Dans quelles mesures les craintes concernant le progrès de l'Iran en matière de technologies nucléaires sont-elles fondées? Comme auparavant, il n'existe pas de preuves que l'Iran a enrichi la matière jusqu'à 90%, le niveau nécessaire pour fabriquer la bombe nucléaire. Selon l'Association pour la maîtrise des armements, l'Iran ne possède pas un programme d'urgence d'élaboration de l'arme nucléaire et, apparemment, il est prêt à adopter une position plus intransigeante aux négociations afin de tenter d'utiliser ses infractions nucléaires pour obtenir des concessions supplémentaires de la part des États-Unis.
L'histoire montre que certains pays disposants de technologies nucléaires avancées mais sans armes nucléaires, ce qu'on appelle des États nucléaires clandestins, préfèrent rester ainsi, au lieu de s'empresser de créer l'arme nucléaire. Il existe des raisons de penser que l'Iran pourrait également décider de rester non nucléaire, du moins dans un avenir prévisible, indépendamment des décisions des États-Unis en matière de sanctions et même longtemps après l'expiration du Plan d'action.

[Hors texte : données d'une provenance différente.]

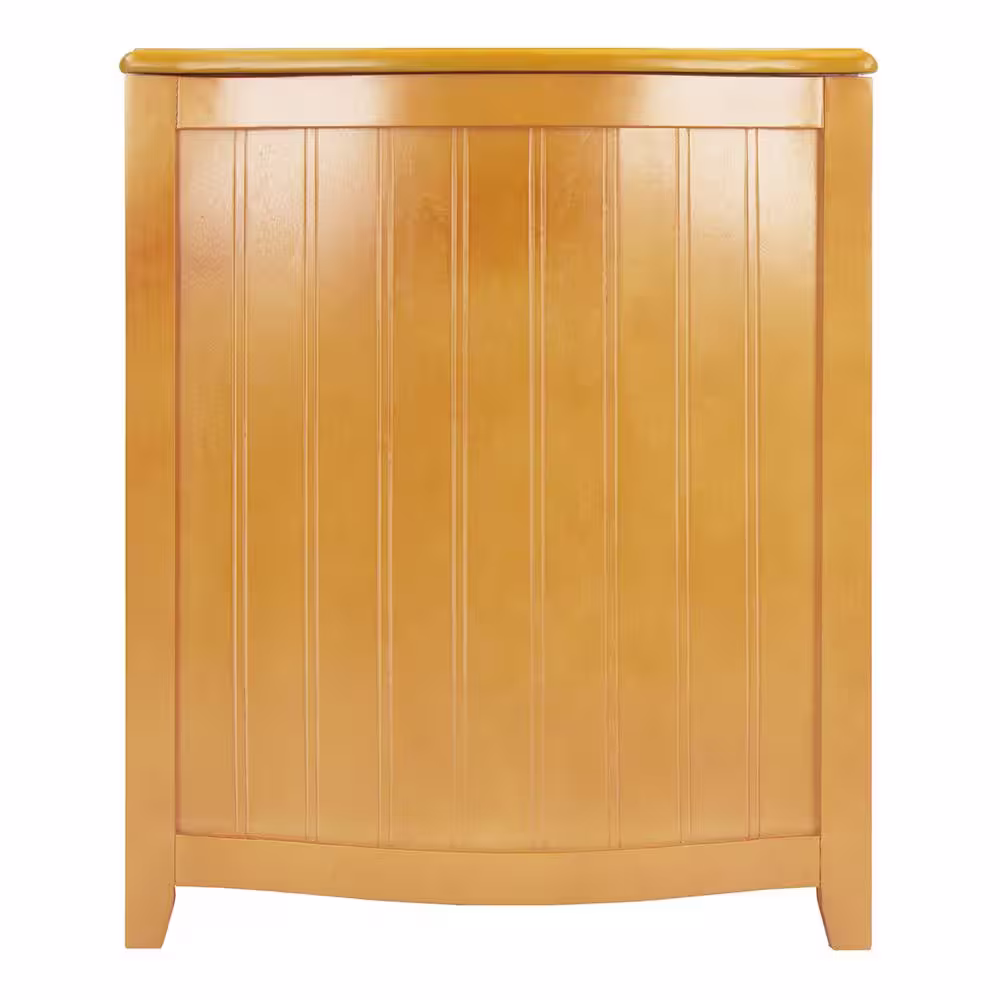 Oceanstar Natural Wainscot Style Bowed Front Laundry Hamper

En se retirant du Plan d'action Donald Trump cherchait à apporter des modifications à l'accord nucléaire en y incluant obligatoirement des restrictions pour les programmes balistiques de l'Iran. L'équipe de Joe Biden tente, sous couvert du retour américain dans le Plan d'action, d'atteindre le même objectif. Les États-Unis laissent entendre qu'ils sont prêts à relancer les négociations, mais il est peu probable qu'ils changent de cap.
La politique du nouveau président iranien pourrait compliquer l'accomplissement des objectifs fixés. Ebrahim Raïssi promet que l'Iran aspirera à des relations équilibrées avec le monde extérieur et que la politique étrangère du pays ne se limite pas à l'accord nucléaire. Il exclut la possibilité que le programme balistique iranien puisse fait l'objet de négociations. Ebrahim Raïssi ne voit aucune possibilité d'interagir avec les États-Unis sur un plus large éventail de questions si Washington ne tenait pas ses engagements dans le cadre de l'accord nucléaire.
Le sort de l'accord nucléaire avec l'Iran reste flou. En l'absence de progrès notables dans la politique de confrontation des États-Unis vis-à-vis de l'Iran, il ne faut pas s'attendre à des concessions de la part de Téhéran. Alors que la position intransigeante de l'Iran pourrait vouer les négociations à l'échec.